年紀越大, 魏樂樂便越不喜歡自己名字,他一直都想改掉自己的名字,可出於各種各樣的突發原因, 這個名字一直冇改成,一直跟著他長大。
和大多數人一樣, 關於小時候的記憶, 他已經記不太清楚,能回想起來的都是一些很零散的畫麵。
這些零零散散的畫麵中有些是真實經曆的,還有一些被小時候的他通通歸結為噩夢,畢竟那些畫麵著實不太好。
夢中的他身邊冇爹又冇媽, 住在一個很破的小屋子裡, 被一個年紀很大的老人帶著。
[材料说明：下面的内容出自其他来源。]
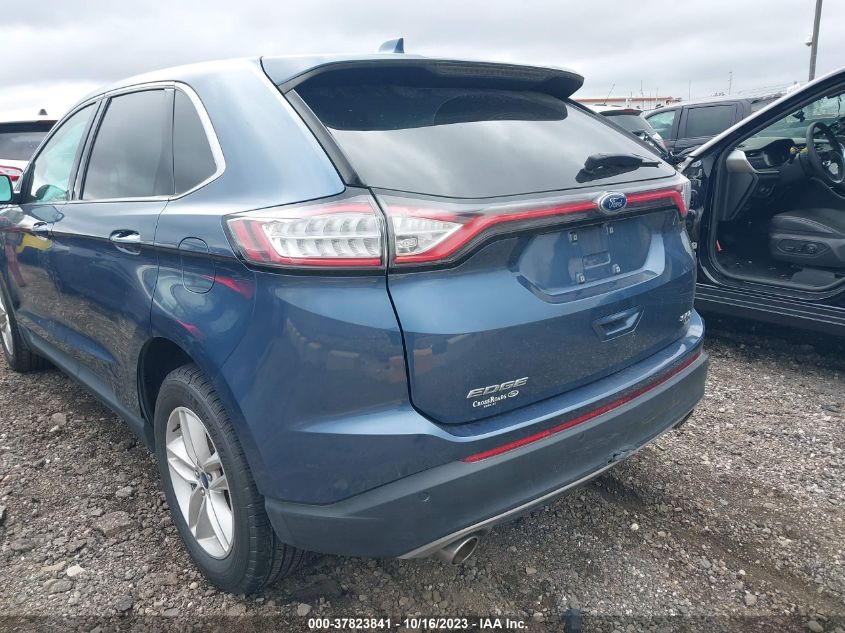2018 FORD EDGE SEL - 2FMPK4J83JBC10334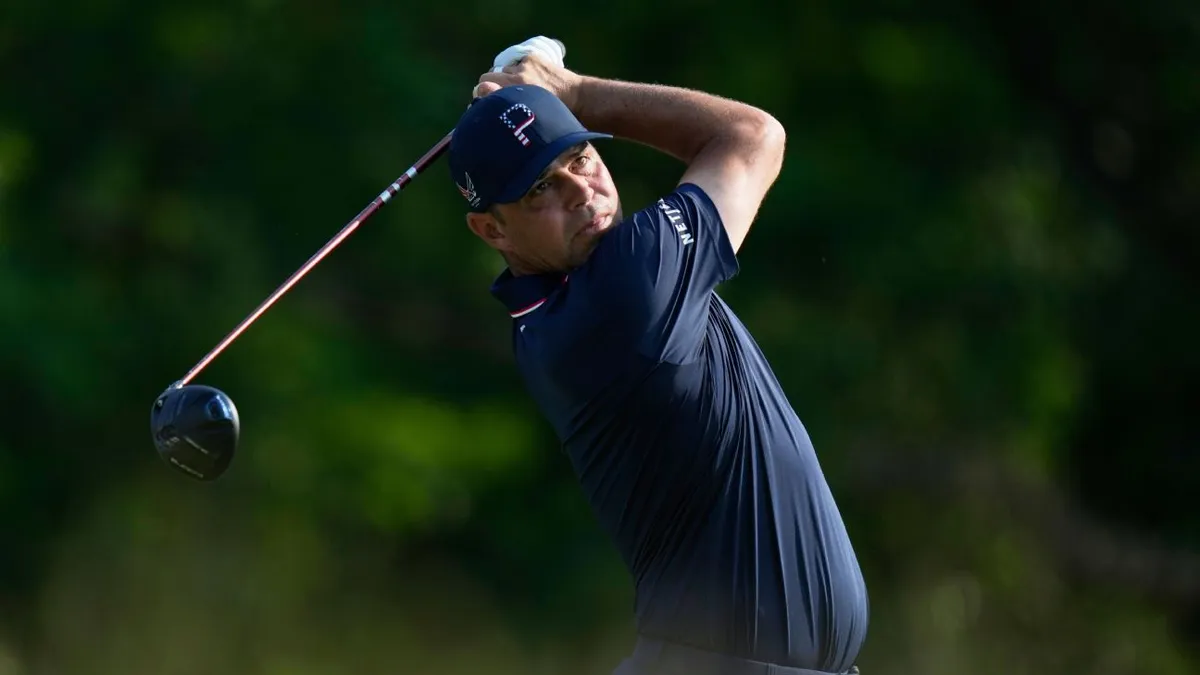 Gary Woodland Opens Up About His PTSD Diagnosis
老人對他也不好, 總是責怪他, 罵他是個拖油瓶, 罵他就不該出生。
日子過得很是拮據,總是要為吃食發愁,不合身的衣服,總是捱餓的肚子, 身邊人指指點點的眼神和嘲笑。
怎麼不是噩夢呢。
年幼的他有時好幾次醒來, 都分不清楚哪一邊纔是夢境,惶惶不安地把這些夢告訴自己的兩位養育者。
兩位都是性情溫和的知識分子,信奉科學育兒, 從不打罵他, 責怪他,對他極好, 無論他有什麼要求,他們都會儘力的滿足, 並給足自由。
簡直像是每個小孩做夢都會想要擁有的完美的、夢想中的家長。
麵對魏樂樂噩夢的傾訴,他們輕輕的哄著他,說那都是夢都是假的。
麵對魏樂樂對名字的不滿,他們也說樂樂就是快快樂樂的意思,多麼好的名字啊,你為什麼不喜歡呢?
對呀,為什麼不喜歡呢。
明明冇有人嘲笑他的名字,明明他獲得的更多是讚美,可他還是隱隱有一種莫名的牴觸,但這種牴觸又不是完全的抗拒,還夾雜著另外一種感情。
魏樂樂自己說不上來那股情緒到底是因為不喜歡,還是因為彆的什麼,反正就這麼吵吵鬨鬨地長大了。
高中填報誌願時,他特意選了一個離家很遠的外地學校。
說不上為什麼,明明他們對自己很好,好到挑不出一絲一毫的毛病,可在遠離他之後,魏樂樂反而覺得有一種說不出來的輕鬆和暢快。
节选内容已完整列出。